Get Started in 10 Minutes

In this page we will be showing basic capabilities of MDIO.

For demonstration purposes, we will download the Teapot Dome open-source dataset. The dataset details and licensing can be found at the SEG Wiki.

We are using the 3D seismic stack dataset named filt_mig.sgy.

The full link for the dataset (hosted on AWS): http://s3.amazonaws.com/teapot/filt_mig.sgy

Warning

For plotting, the notebook requires Matplotlib as a dependency. Please install it before executing using pip install matplotlib or conda install matplotlib.

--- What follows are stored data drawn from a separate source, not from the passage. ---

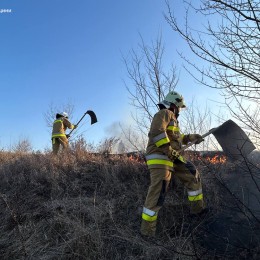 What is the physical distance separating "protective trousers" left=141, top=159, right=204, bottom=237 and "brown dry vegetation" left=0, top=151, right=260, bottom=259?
0.57ft

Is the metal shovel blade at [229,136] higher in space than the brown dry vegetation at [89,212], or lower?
higher

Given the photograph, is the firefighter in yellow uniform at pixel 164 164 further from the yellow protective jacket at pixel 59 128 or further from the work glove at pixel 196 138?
the yellow protective jacket at pixel 59 128

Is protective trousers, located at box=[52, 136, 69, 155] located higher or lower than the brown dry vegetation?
higher

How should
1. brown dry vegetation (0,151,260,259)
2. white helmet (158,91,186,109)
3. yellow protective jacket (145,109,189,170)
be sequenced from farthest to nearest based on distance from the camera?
white helmet (158,91,186,109)
yellow protective jacket (145,109,189,170)
brown dry vegetation (0,151,260,259)

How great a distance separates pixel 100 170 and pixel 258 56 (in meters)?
4.30

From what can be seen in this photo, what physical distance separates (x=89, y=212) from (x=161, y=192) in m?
1.28

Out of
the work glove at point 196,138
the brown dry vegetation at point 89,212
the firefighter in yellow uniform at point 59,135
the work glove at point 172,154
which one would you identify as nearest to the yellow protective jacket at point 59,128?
the firefighter in yellow uniform at point 59,135

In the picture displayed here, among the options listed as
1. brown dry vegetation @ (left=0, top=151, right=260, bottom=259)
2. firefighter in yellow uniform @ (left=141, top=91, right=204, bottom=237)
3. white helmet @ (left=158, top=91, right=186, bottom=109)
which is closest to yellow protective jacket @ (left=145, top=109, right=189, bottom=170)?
firefighter in yellow uniform @ (left=141, top=91, right=204, bottom=237)

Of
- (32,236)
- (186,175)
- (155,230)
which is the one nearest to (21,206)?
(32,236)

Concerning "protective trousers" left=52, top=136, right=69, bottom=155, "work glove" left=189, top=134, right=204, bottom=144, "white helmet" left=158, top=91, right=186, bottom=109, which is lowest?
"work glove" left=189, top=134, right=204, bottom=144

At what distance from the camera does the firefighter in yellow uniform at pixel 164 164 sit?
452 cm

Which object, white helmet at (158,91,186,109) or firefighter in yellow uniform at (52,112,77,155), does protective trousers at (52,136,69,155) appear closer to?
firefighter in yellow uniform at (52,112,77,155)

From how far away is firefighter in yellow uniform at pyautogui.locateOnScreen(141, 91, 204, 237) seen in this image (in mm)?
4516

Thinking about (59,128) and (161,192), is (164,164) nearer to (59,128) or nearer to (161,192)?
(161,192) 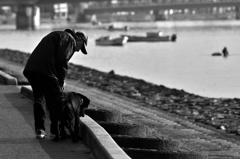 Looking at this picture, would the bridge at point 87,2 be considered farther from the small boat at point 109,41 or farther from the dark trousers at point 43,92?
the dark trousers at point 43,92

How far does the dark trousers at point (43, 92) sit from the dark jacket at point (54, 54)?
0.29 ft

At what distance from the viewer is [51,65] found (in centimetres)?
994

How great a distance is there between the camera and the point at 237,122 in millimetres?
18797

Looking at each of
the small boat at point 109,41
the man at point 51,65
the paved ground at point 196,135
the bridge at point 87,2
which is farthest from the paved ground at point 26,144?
the bridge at point 87,2

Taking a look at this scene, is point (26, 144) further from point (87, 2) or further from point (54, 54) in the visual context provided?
point (87, 2)

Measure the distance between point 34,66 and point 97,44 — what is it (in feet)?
332

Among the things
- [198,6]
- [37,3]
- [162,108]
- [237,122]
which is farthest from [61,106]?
[198,6]

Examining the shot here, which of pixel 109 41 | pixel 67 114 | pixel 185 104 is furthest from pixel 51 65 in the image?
pixel 109 41

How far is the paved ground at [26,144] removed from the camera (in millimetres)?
9156

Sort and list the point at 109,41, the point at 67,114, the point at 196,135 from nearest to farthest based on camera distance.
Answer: the point at 67,114, the point at 196,135, the point at 109,41

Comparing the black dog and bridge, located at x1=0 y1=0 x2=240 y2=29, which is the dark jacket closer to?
the black dog

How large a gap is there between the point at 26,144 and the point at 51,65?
3.68 feet

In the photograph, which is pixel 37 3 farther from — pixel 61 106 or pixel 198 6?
pixel 61 106

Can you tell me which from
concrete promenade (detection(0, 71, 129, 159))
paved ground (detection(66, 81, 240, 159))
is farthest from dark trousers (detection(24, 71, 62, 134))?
paved ground (detection(66, 81, 240, 159))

Downloading the SEG-Y Dataset

Let’s download this dataset to our working directory. It may take from a few seconds up to a couple minutes based on your internet connection speed. The file is 386 MB in size.

The dataset is irregularly shaped, however it is padded to a rectangle with zero (dead traces). We will see that later at the live mask plotting.

from os import path
from urllib.request import urlretrieve

url = "http://s3.amazonaws.com/teapot/filt_mig.sgy"
urlretrieve(url, "filt_mig.sgy")
('filt_mig.sgy', <http.client.HTTPMessage at 0x1054e3620>)

Ingesting to MDIO

To do this, we can use the convenient SEG-Y to MDIO converter.

The inline and crossline values are located at bytes 181 and 185. Note that this doesn’t match any SEG-Y standards.

MDIO uses TGSAI/segy to parse the SEG-Y; the field names conform to its canonical keys defined in SEGY Binary Header Keys and SEGY Trace Header Keys. MDIO interprets the trace headers as SEG-Y Rev1 for historical reasons and will be more flexible in the next generation.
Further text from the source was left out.